As I research merchants in the eighteenth century and how they connected people and empires with far-flung locations and transfered goods and ideas across oceans, I find it helpful to break those multivalent connections into discrete units. Who wrote to whom? Who worked for whom? Who became a diplomat or consul for the United States? Who recommended him for that position? And so on. Each question has become a relationship in my design for the Early American Foreign Service Database (EAFSD), and by linking all this (and more) information together, the EAFSD will track how the U.S. Foreign Service developed over fifty years. But there is a catch.

When the database is done, I plan on publishing it online so that other researchers can have access to its data. However, I cannot deny that the EAFSD was designed to answer questions specific to my dissertation. Other researchers looking at information gathered from the papers of diplomats, consuls, and merchants will (hopefully) want to ask other questions which my database may or not be able to answer. For example, I only focus on merchants who had a clear connection to the U.S. government (i.e., received positions in the Foreign Service), which means that a large segment of the merchant community will not appear in the database.

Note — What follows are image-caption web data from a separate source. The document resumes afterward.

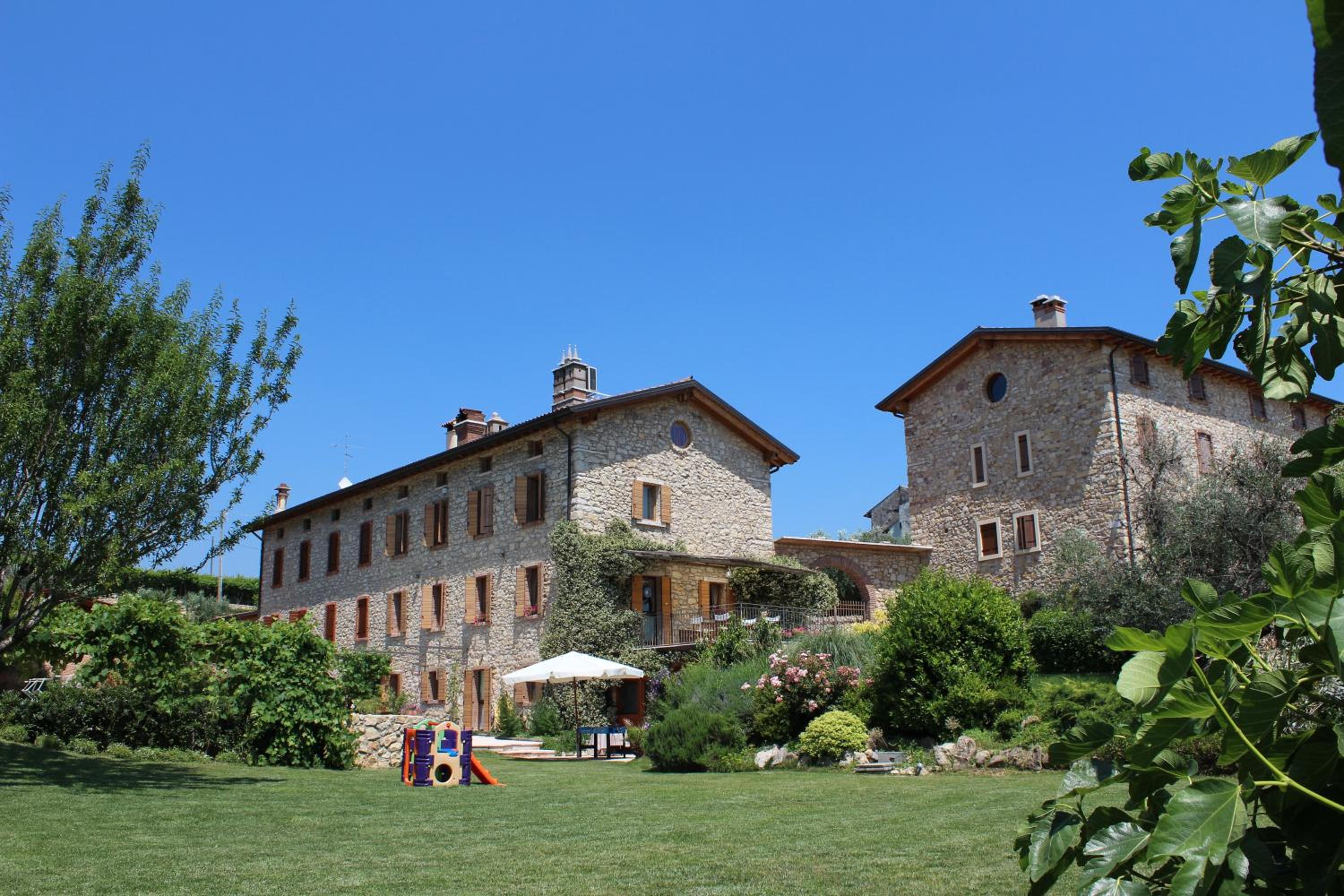 B&B - Relais de charme la Caminella view 2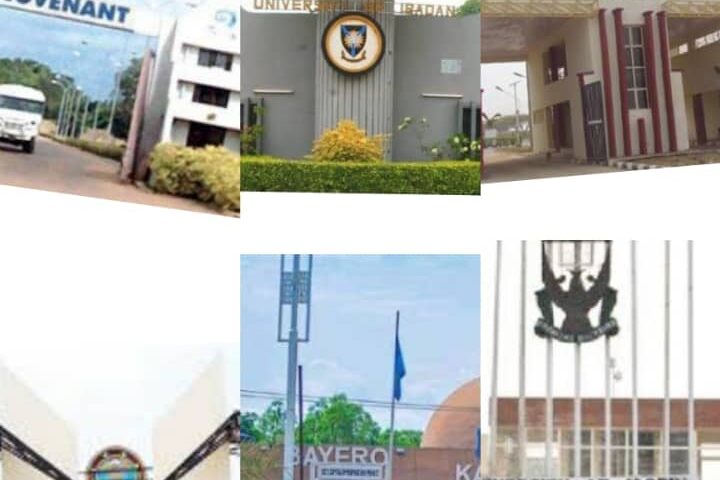 Covenant, UI, FUTA Emerge Top In Times Higher Education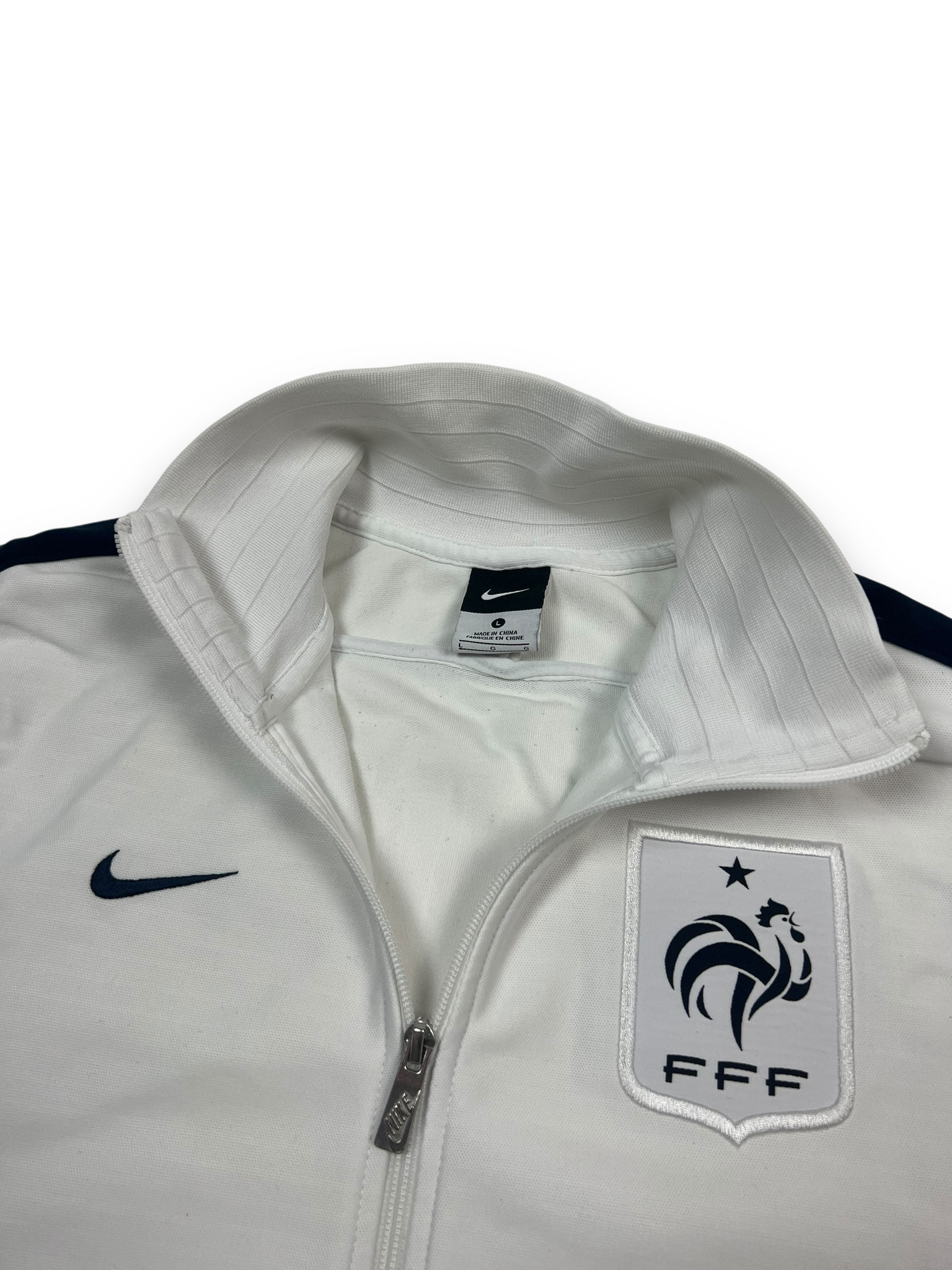 Nike France Track Jacket (L)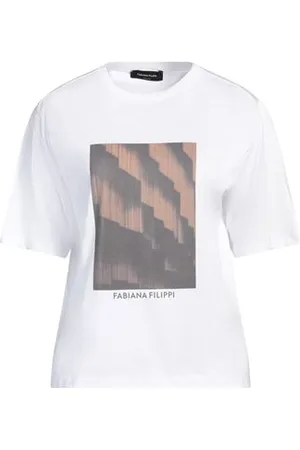 Fabiana Filippi TOPWEAR - T-shirts - on YOOX.com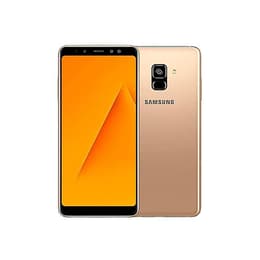 Galaxy A8+ (2018) 32GB - Kulta - Lukitsematon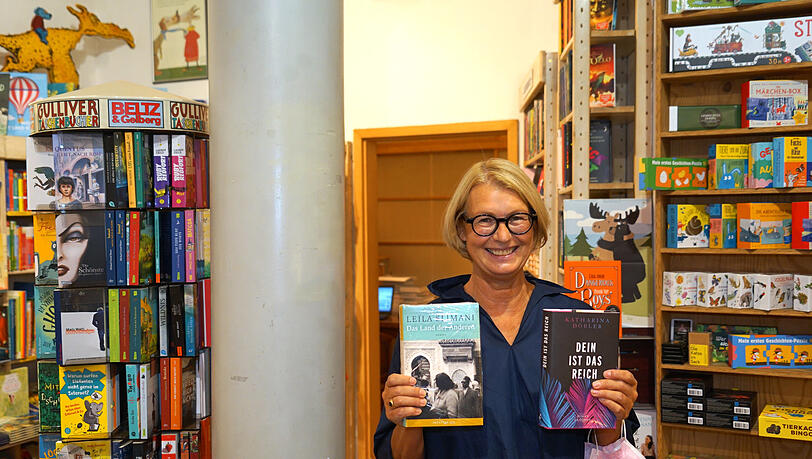 Martina Nußberger im Colibris. Martina Nußberger im Colibris.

Along with the completed database I plan on releasing the source code (both for the database itself and the web application that permits the data migrations and the basic query structure) under an open source license, hopefully making it easier for other scholars to create their own relational databases to track social networks and institutional development. Once those databases are published similar issues will arise.

When a scholar decides to use a relational database in her research, she is making a decision about methodology — not theory. A relational database does not dictate what scholars will find in a given data set, but rather shapes their search in ways that need to remain in the forefront of all our minds, even if the methodological discussions get relegated to footnotes or appendices. If an astronomer has to state the specifications of the telescope along with the data received, a digital humanist should be clear about the choices she made (and why) in designing a database to facilitate her analysis and the analytical limits of the final design.

I became a historian because I see the world as a complex and contingent place that doesn’t respond well to being forced into a constraining model. While having the EAFSD is a necessary condition of my dissertation it is not a sufficient one.

There are real world ambiguities and unpredictable turns in my subject matter which should not be modeled in a relational data structure. High on this list are the many mistakes made by early American diplomats: John Adams picking a fight with the French Foreign Minister in the middle of the Revolutionary War (subject of my Master’s Thesis), James Monroe being recalled by a furious George Washington after denouncing (accurate) rumors regarding a new treaty with Great Britain, Thomas Jefferson breaking the Law of Nations to help Lafayette write the Rights of Man and Citizen, the list goes on and on. On the other hand, while the database also fails to capture the sheer brilliance of Benjamin Franklin it does hint at John Quincy Adams’ compulsive attention to detail. None of these stories or personalities map into the database, but they are all crucial to understanding how the newly United States interacted with the larger Atlantic World.

Designing the EAFSD has sharpened my historical analysis but narrative prose blurs the edges back into the delightfully abnormal lives of the people I seek to understand.